◆ **SUPPLIED DATA**:

◆ ◆ ◆ ◆ ◆ ◆ ◆

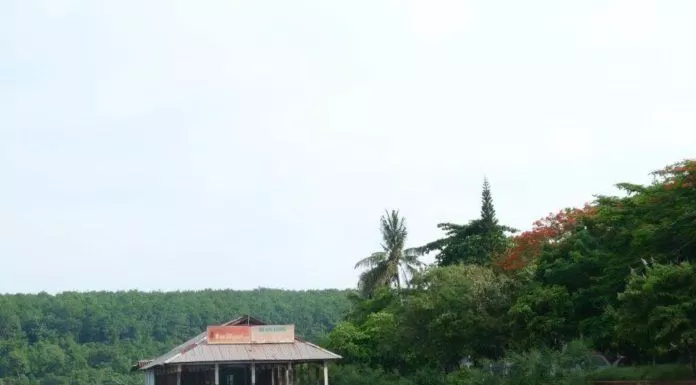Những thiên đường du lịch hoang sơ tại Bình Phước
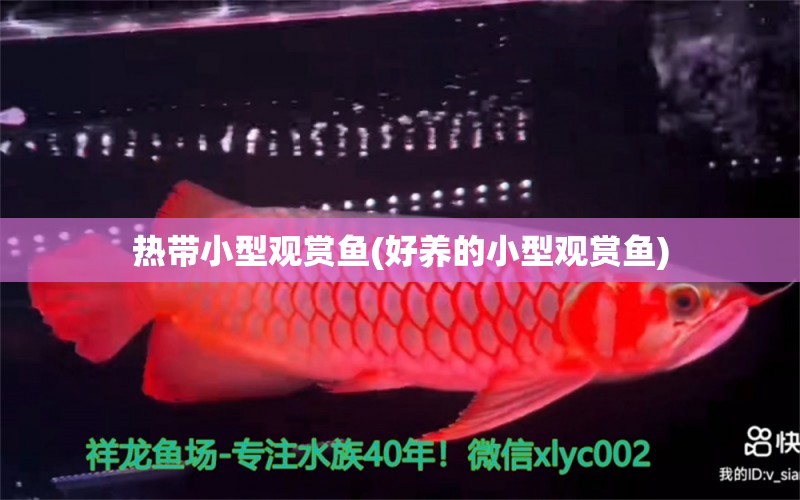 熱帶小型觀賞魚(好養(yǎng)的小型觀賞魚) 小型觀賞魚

◆ ◆ ◆ ◆ ◆ ◆ ◆

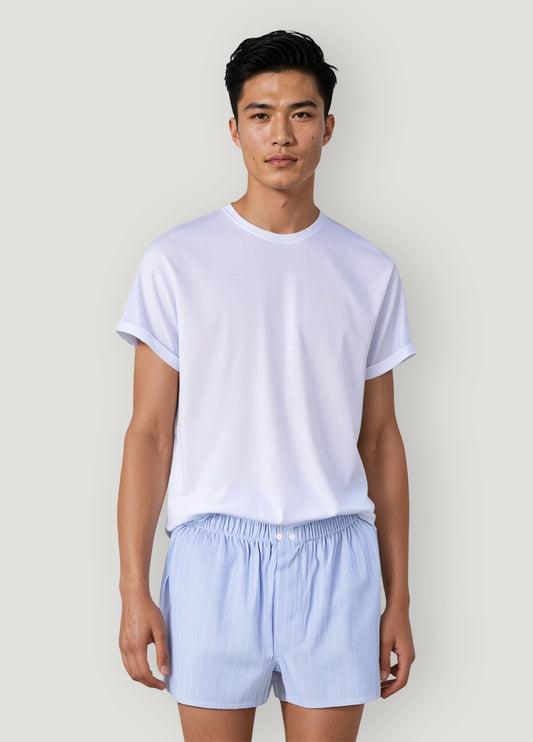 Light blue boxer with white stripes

◆ ◆ ◆ ◆ ◆ ◆ ◆

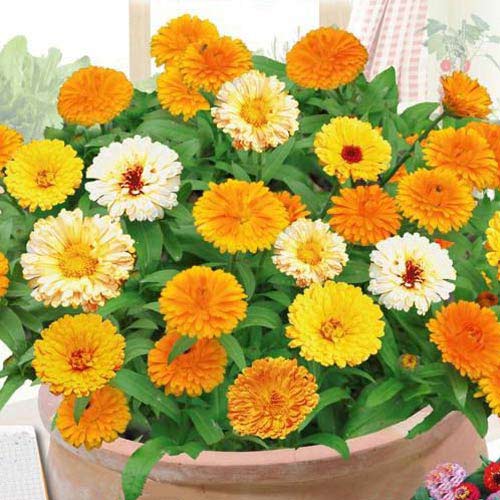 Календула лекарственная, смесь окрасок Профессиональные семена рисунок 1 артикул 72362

◆ ◆ ◆ ◆ ◆ ◆ ◆

◆ **EXERCISE**: Keep to the stretch from the line containing "Những thiên đường" through the line containing "熱帶小型觀賞魚(好養(yǎng)的小型觀賞魚) 小型觀賞魚", both ends included, and copy it exactly from the listing above, minus the pictures.

◆ **TASK ANSWER**:
Những thiên đường du lịch hoang sơ tại Bình Phước
 熱帶小型觀賞魚(好養(yǎng)的小型觀賞魚) 小型觀賞魚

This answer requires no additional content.